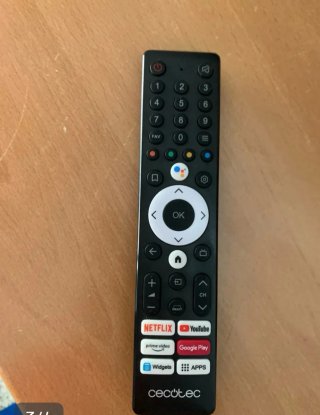 Smart TV Cecotec 32 pulgadas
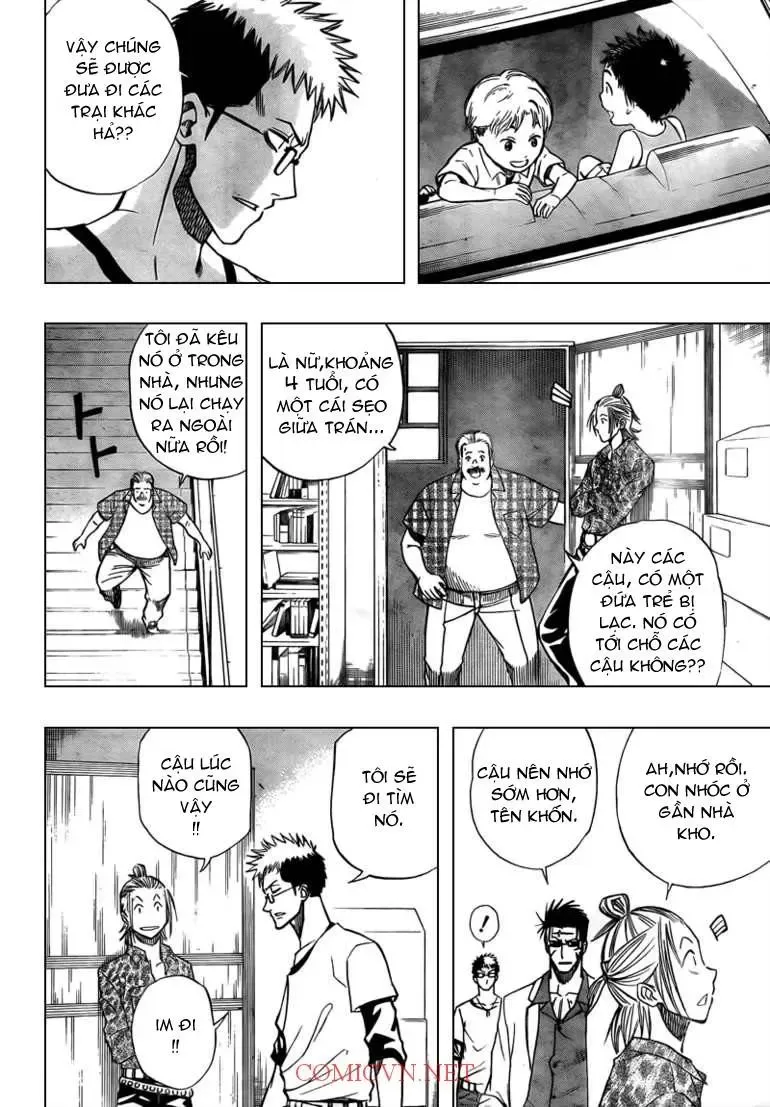 Psyren Chapter 90 - 13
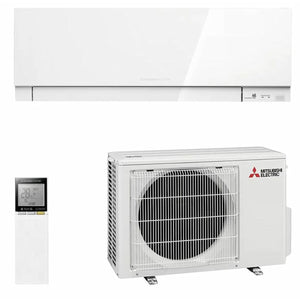 Air Conditioning Mitsubishi Electric MSZEF35VGKW White A+++ 4000 W 5100 W-0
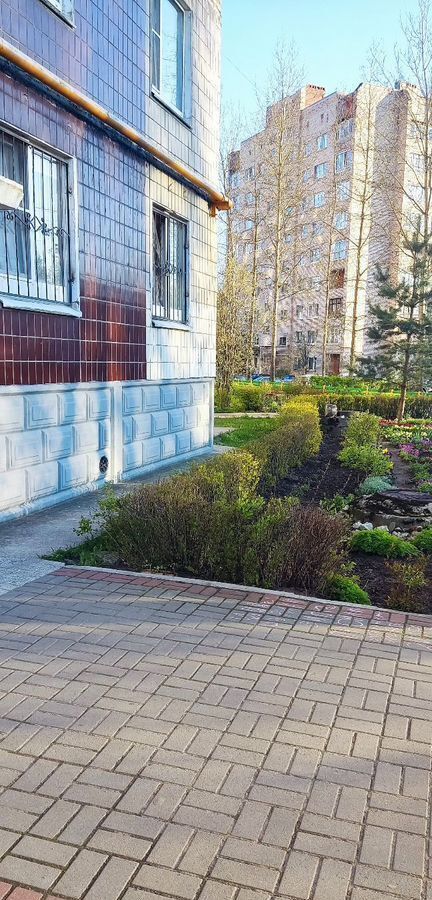 квартира р-н Всеволожский г Всеволожск ул Ленинградская 9 Всеволожское городское поселение фото 21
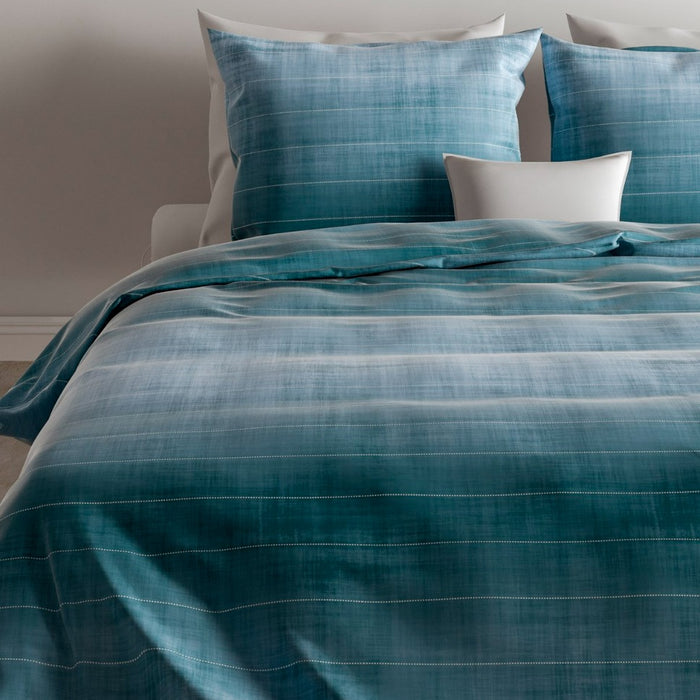 Zo Home Dekbedovertrek Katoen Rooney - blauw 140x200|220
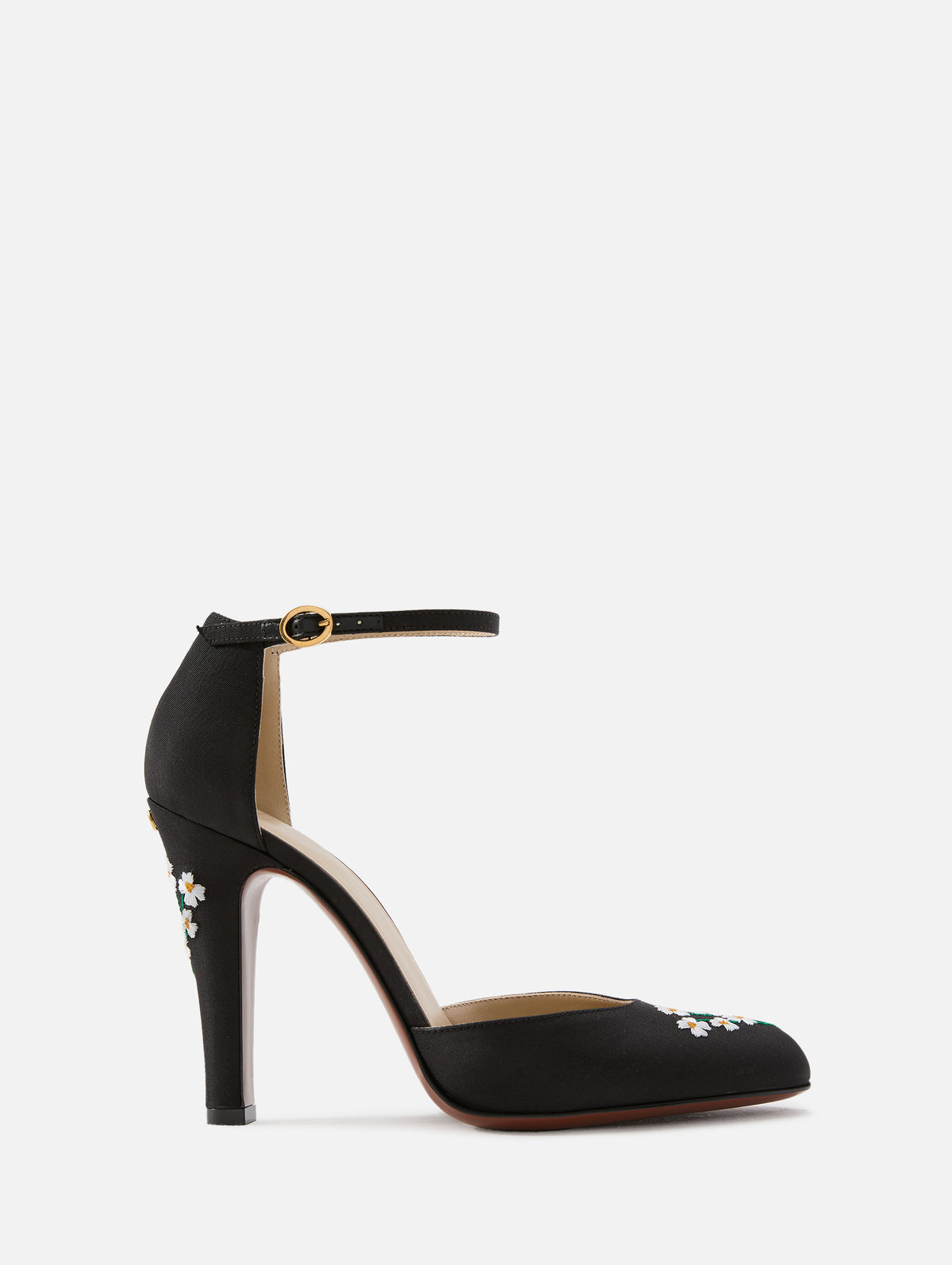 Hi Dolly Heel,VALENTINO GARAVANI,NERO,Image 1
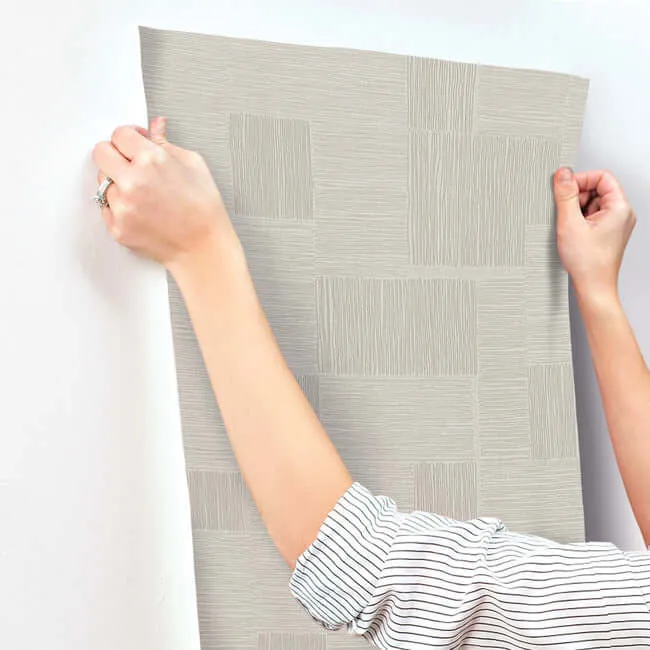 York Wallcoverings Contour - Grey Wallpaper | Buy Online York Wallcoverings Contour wallpaper, color Grey, SKU OI0703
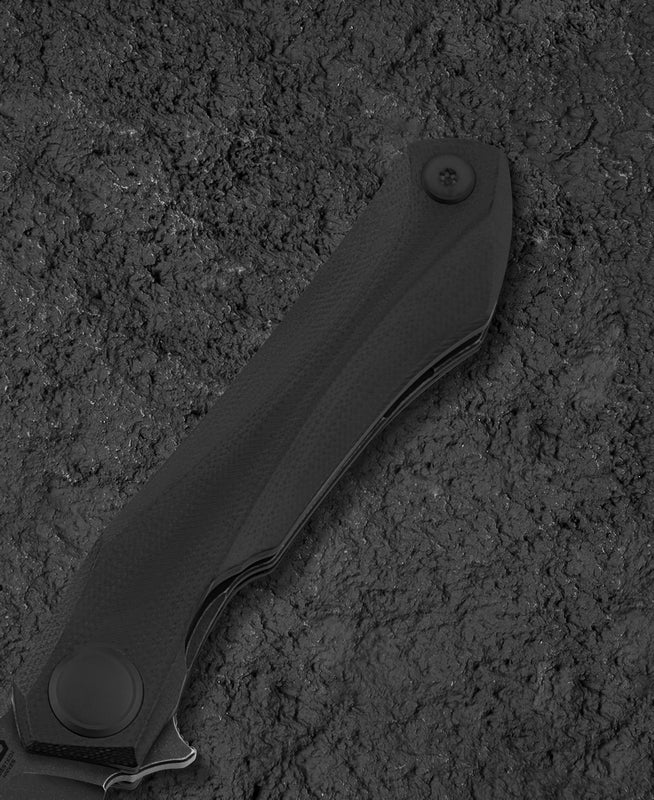 Nóż składany Bestech Knives Ivy G10 - Black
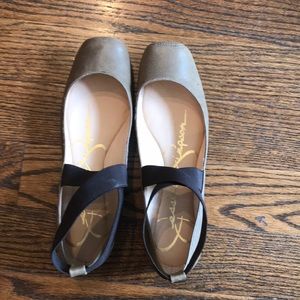 Jessica Simpson Ballet Flats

========================================================================

» ACTIVITY: Write out each line of the data above exactly, starting at the top and finishing with the line containing "Hi Dolly Heel,VALENTINO"; omit the pictures.

» ANSWER TO THIS EXERCISE:
 Smart TV Cecotec 32 pulgadas
 Psyren Chapter 90 - 13
 Air Conditioning Mitsubishi Electric MSZEF35VGKW White A+++ 4000 W 5100 W-0
 квартира р-н Всеволожский г Всеволожск ул Ленинградская 9 Всеволожское городское поселение фото 21
 Zo Home Dekbedovertrek Katoen Rooney - blauw 140x200|220
 Hi Dolly Heel,VALENTINO GARAVANI,NERO,Image 1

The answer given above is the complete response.